The MLOps module provides production machine learning operations including A/B testing routers for traffic splitting between model variants, drift detection for monitoring model performance over time, and ground truth integration for measuring real-world accuracy.

Overview

Core Capabilities

  • A/B Testing Routers -- Split traffic between model variants using weighted random, feature-based, multi-armed bandit, or canary routing strategies
  • Drift Detection -- Monitor changes in production data distributions compared to training data baselines using PSI, KS test, Chi-Square, and Jensen-Shannon divergence
  • Ground Truth Integration -- Upload actual outcomes to track prediction accuracy over time and detect concept drift
  • Performance History -- Track model accuracy trends with configurable granularity (hourly, daily, weekly)
  • Alert Configuration -- Set drift thresholds and notification preferences per model

Architecture

Backend Services

ServiceDescription
Model RouterBackend service that implements routing strategies and serves predictions
AI GatewayHandles router deployment and management via Kubernetes

A/B Testing Routers

Compare model variants in production with traffic splitting across four routing strategies:

Routing Strategies

StrategyDescription
Weighted RandomSplit traffic by percentage between variants. A variant with weight 70 gets 70% of traffic relative to total enabled variant weight.
Feature-BasedRoute requests based on input feature values using priority-ordered rules with operators (equals, not_equals, in, not_in, greater_than, less_than, contains, regex).
Multi-Armed BanditAutomatically balance exploration and exploitation to route more traffic to better-performing variants.
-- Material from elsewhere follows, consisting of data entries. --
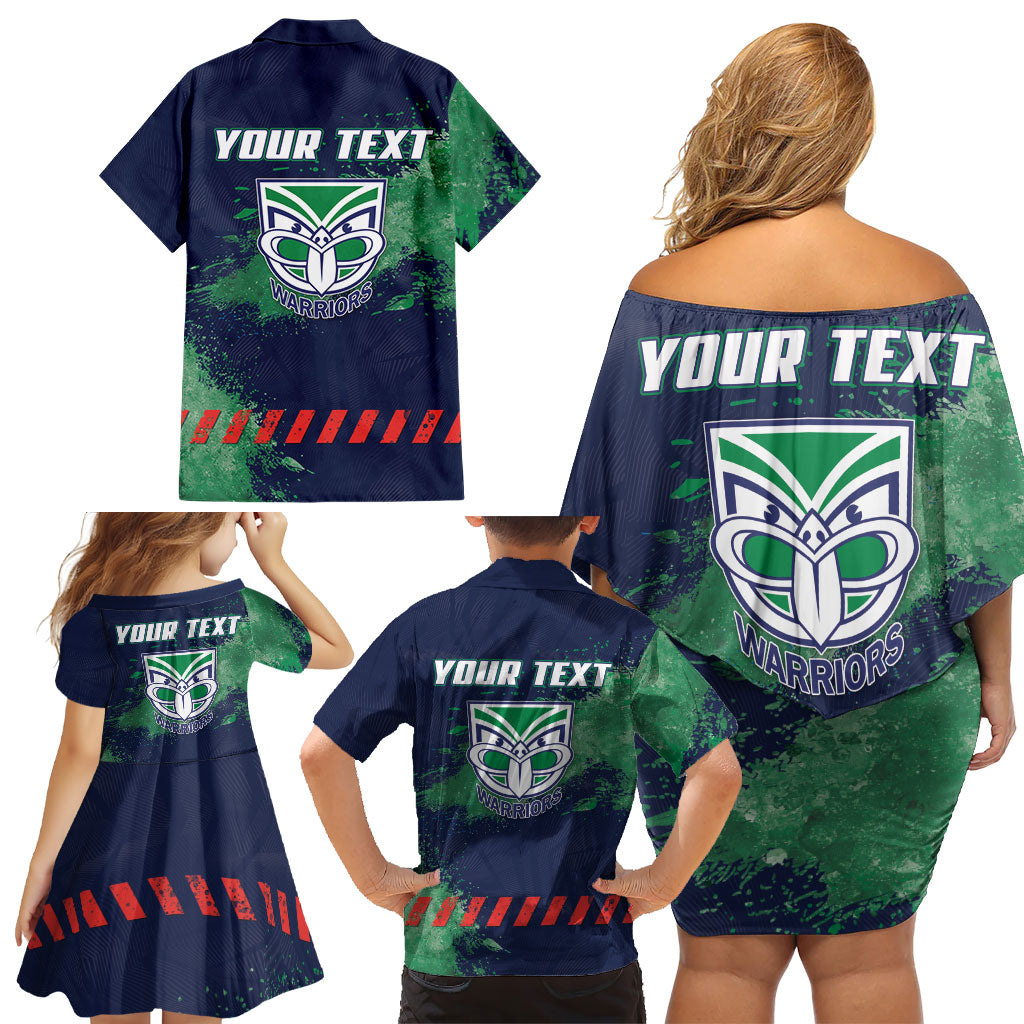 Personalised New Zealand Warriors Rugby Family Matching Off Shoulder Short Dress and Hawaiian Shirt Maori The Wahs Mascot - Sporty Splash Art Style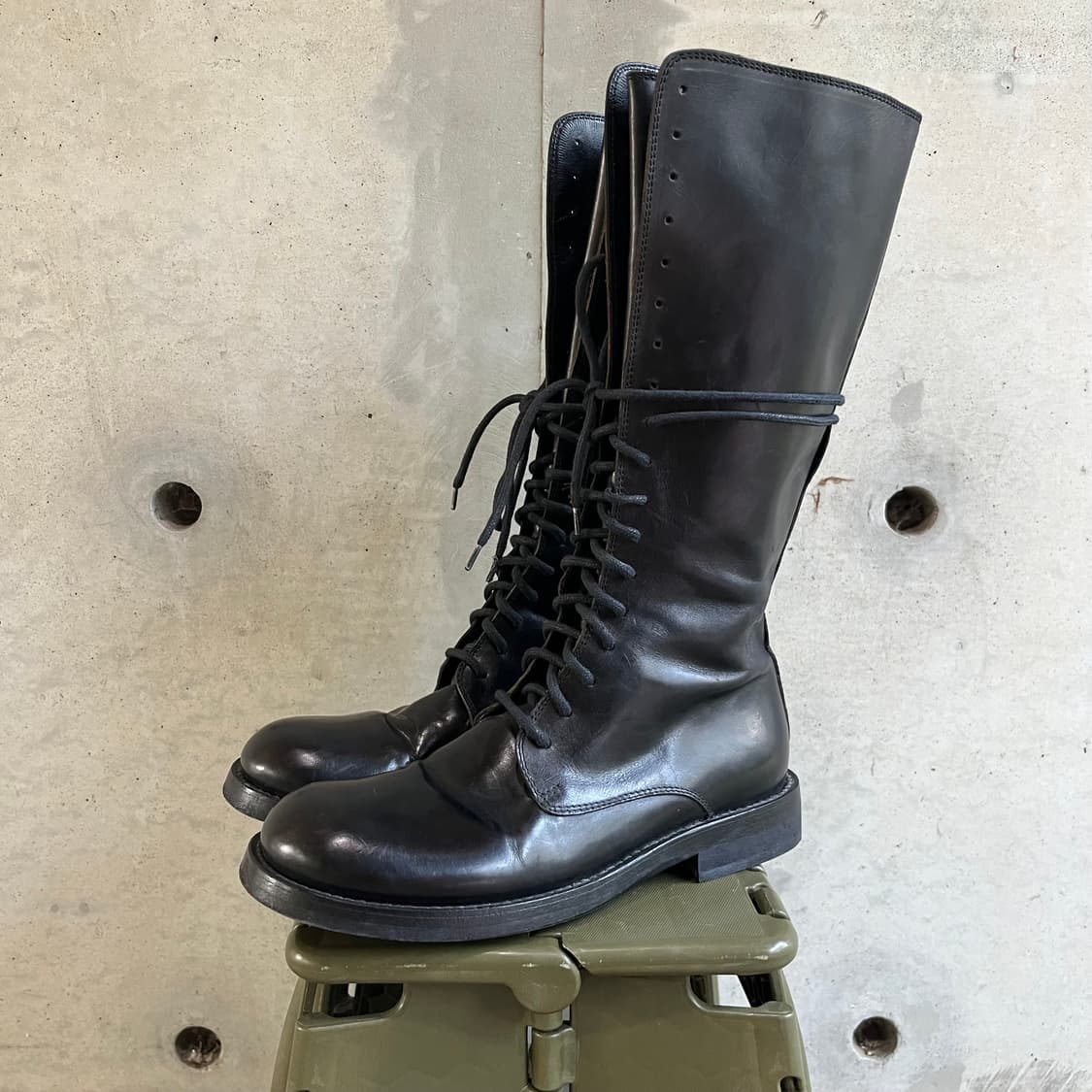 Ann Demeulemeester 앤드뮐미스터 레이스업하이 레더부츠 상품이미지1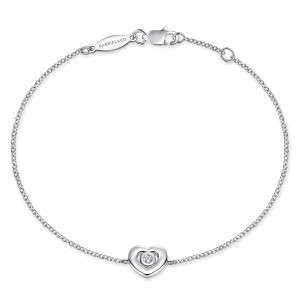 Gabriel & Co. TB3088SVJWS sterling silver Color bracelet, front view of one heart on a fine chain, with a lobster clasp and extender ring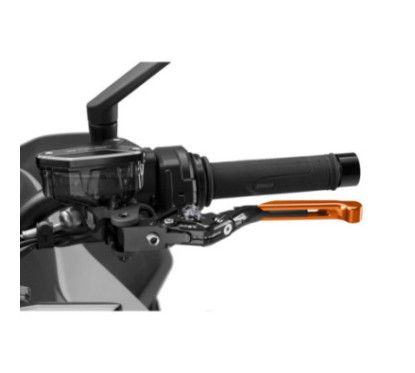 Levier d'embrayage Puig 4.0 extensible et pliable avec corps central noir, extension orange et selecteur en titane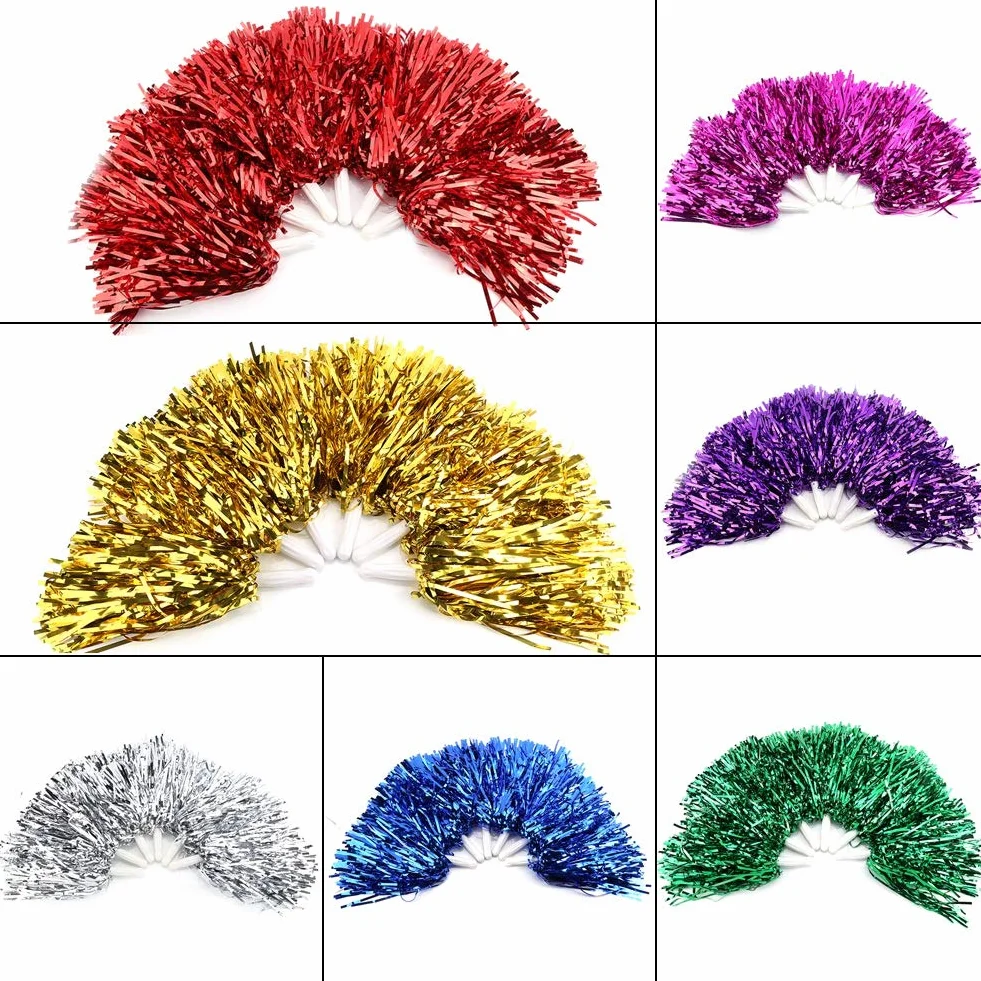 Cheerleading Pompoms Pompons 6/12 stücke Cheerleader Pom Poms Cheerleading Poms Blume Hängen Metallfolie Pom Poms Kader Jubel Sport Party Dance Nützliche Zubehör(Rosenrot 6)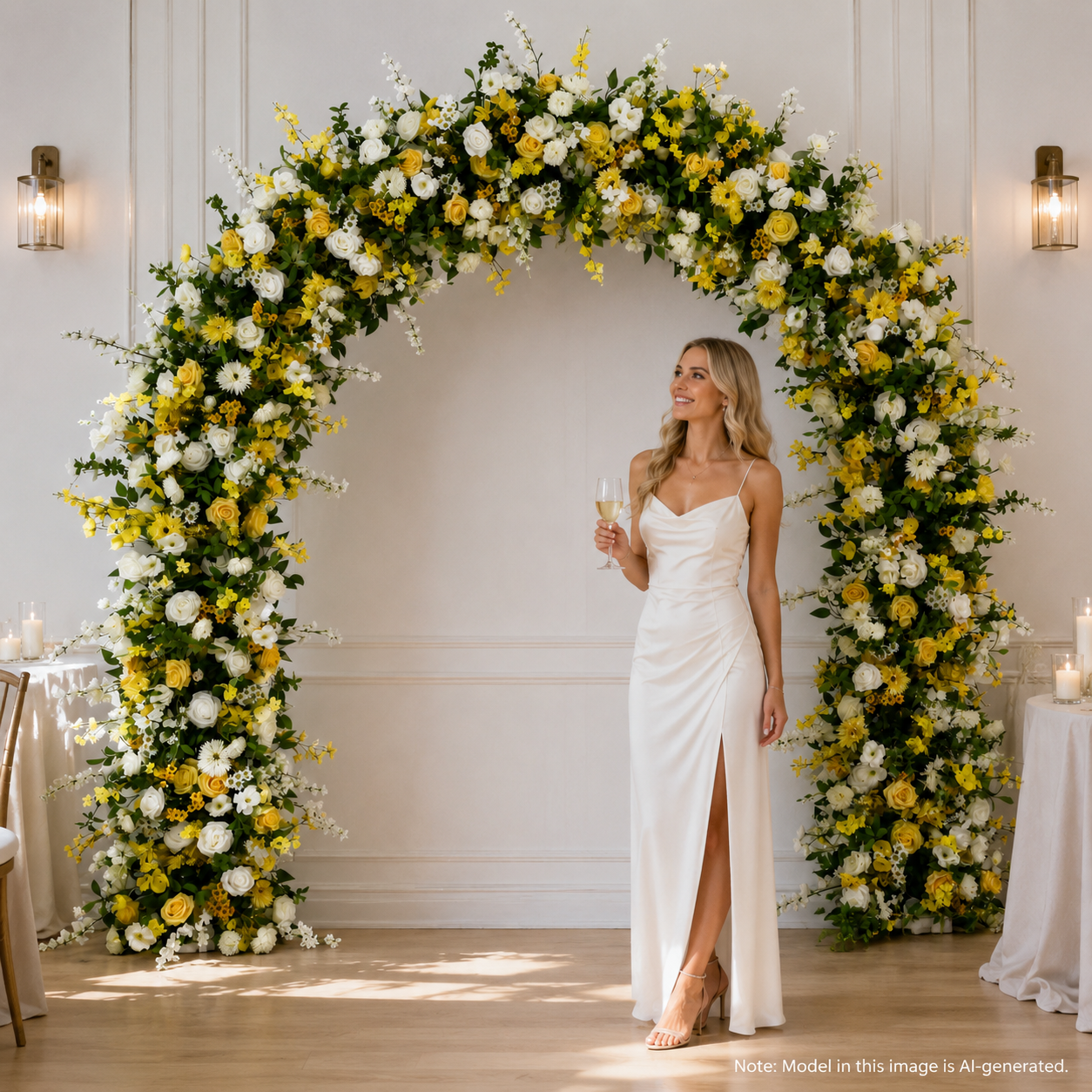 Curved Yellow & White Flower Arch 94.5 in with Stand, Wedding Backdrop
Supports epsilon-greedy, Thompson sampling, and UCB1 algorithms.
CanaryGradually roll out a new model variant by routing a configurable percentage of traffic to the canary while the rest goes to the control variant.

Router Lifecycle

Routers follow this lifecycle:

registered --> deploying --> running --> stopped
|
v
failed
StatusDescription
registeredRouter created but not yet deployed
deployingDeployment to Kubernetes is in progress
runningRouter is live and serving predictions
stoppedRouter is paused, preserving configuration
failedDeployment failed with errors

Access Control

  • Owner -- The user who created the router (full modify/delete access)
  • Public -- Router can be marked as public for all users to view
  • Shared -- Router can be shared with specific users by ID
  • Admins -- Administrators have full access to all routers

Learn more about A/B Testing -->

Drift Detection

Monitor model performance and detect distribution changes in production data:

Statistical Tests

MetricUse CaseInterpretation
PSI (Population Stability Index)Overall distribution shift< 0.1: OK, 0.1-0.2: Warning, > 0.2: Alert
Kolmogorov-Smirnov TestNumerical feature driftp-value < 0.05 indicates significant drift
Chi-Square TestCategorical feature driftp-value < 0.05 indicates significant drift
Jensen-Shannon DivergenceGeneral distribution comparison0-1 scale, higher values indicate more divergence

Drift Detection Workflow

  1. Create a reference baseline from your training data feature distributions
  2. Log predictions as your model serves requests in production
  3. Run drift analysis to compare current production data against the baseline
  4. Review results showing overall drift score and per-feature metrics
  5. Upload ground truth to measure actual prediction accuracy over time

Drift Status Levels

StatusPSI RangeAction
okPSI < 0.1No action needed. Data distribution is stable.
warning0.1 <= PSI < 0.2Investigate potential causes of drift.
alertPSI >= 0.2Significant drift detected. Consider retraining the model.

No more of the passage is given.